--- Required action ---
Take the whole listing and reproduce it exactly, pictures excepted.

--- Raw data ---
===============

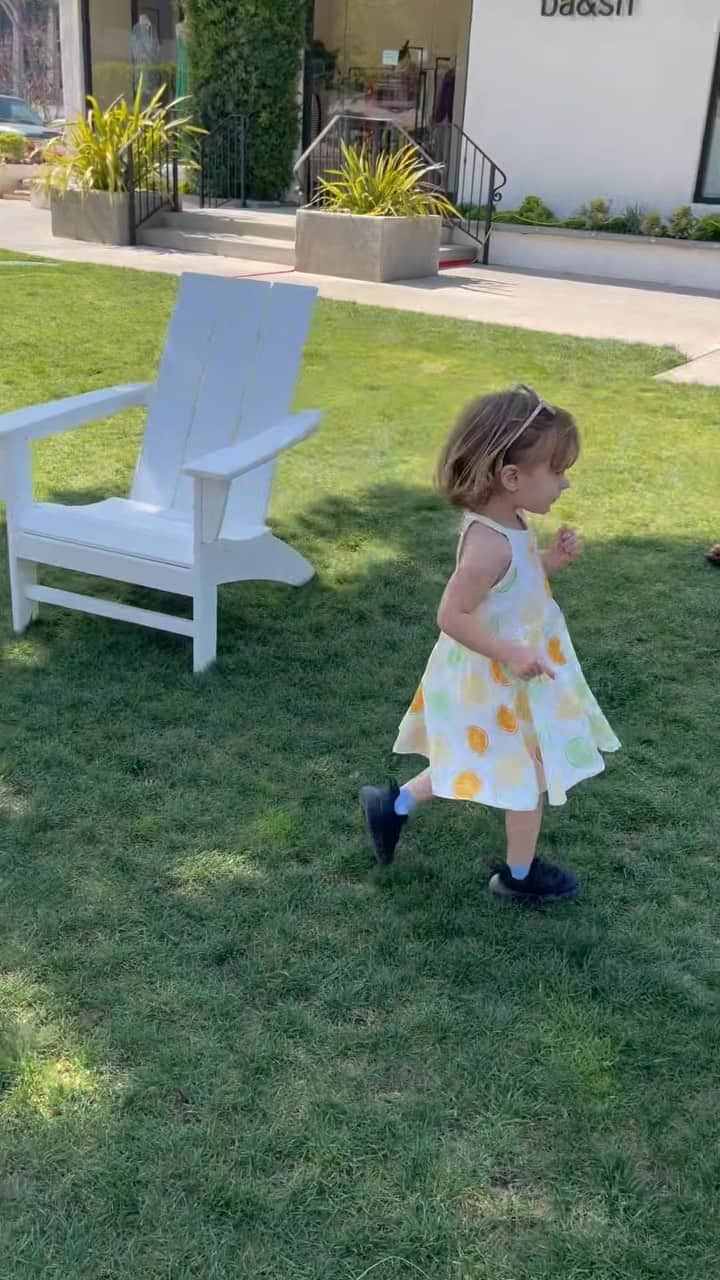 コレット・カーのインスタグラム：「“The ‘Law of Parenting Contradictions’ states that you will feel a mixed bag of emotions and feelings that are generally in complete opposition to each other, often occurring simultaneously.” All I have to say is LOL iykyk   If I’ve learned anything it’s to ALWAYS be learning When you feel like you’ve got something totally figured out that’s the trap. The root of the word toddler is to “keep one on its toes” lol I made that up but Google it it might be true.   You’re doing great. You got this. . . . #motherhood #parenting #toddler #twotwoandunder」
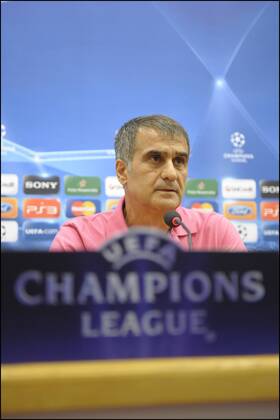 Senol Gunes - Coach Trabzonspor - Trabzonspor vs. OSC Lille Metropole - Champions League - 26.09.2011 - Pressconference xJBAutissierx 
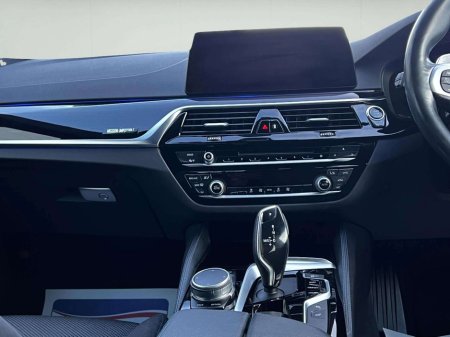 2018 BMW 5 Series - thumbnail 36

===============

--- Task response ---
 コレット・カーのインスタグラム：「“The ‘Law of Parenting Contradictions’ states that you will feel a mixed bag of emotions and feelings that are generally in complete opposition to each other, often occurring simultaneously.” All I have to say is LOL iykyk   If I’ve learned anything it’s to ALWAYS be learning When you feel like you’ve got something totally figured out that’s the trap. The root of the word toddler is to “keep one on its toes” lol I made that up but Google it it might be true.   You’re doing great. You got this. . . . #motherhood #parenting #toddler #twotwoandunder」
 Senol Gunes - Coach Trabzonspor - Trabzonspor vs. OSC Lille Metropole - Champions League - 26.09.2011 - Pressconference xJBAutissierx 
 2018 BMW 5 Series - thumbnail 36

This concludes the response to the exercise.